→ What to work on
Write out exactly the lines running from the one that contains "Roewe iMAX8 — фото 6" through the end of the material.

→ Source data

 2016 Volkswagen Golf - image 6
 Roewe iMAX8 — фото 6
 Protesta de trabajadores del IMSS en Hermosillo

→ Exercise result
 Roewe iMAX8 — фото 6
 Protesta de trabajadores del IMSS en Hermosillo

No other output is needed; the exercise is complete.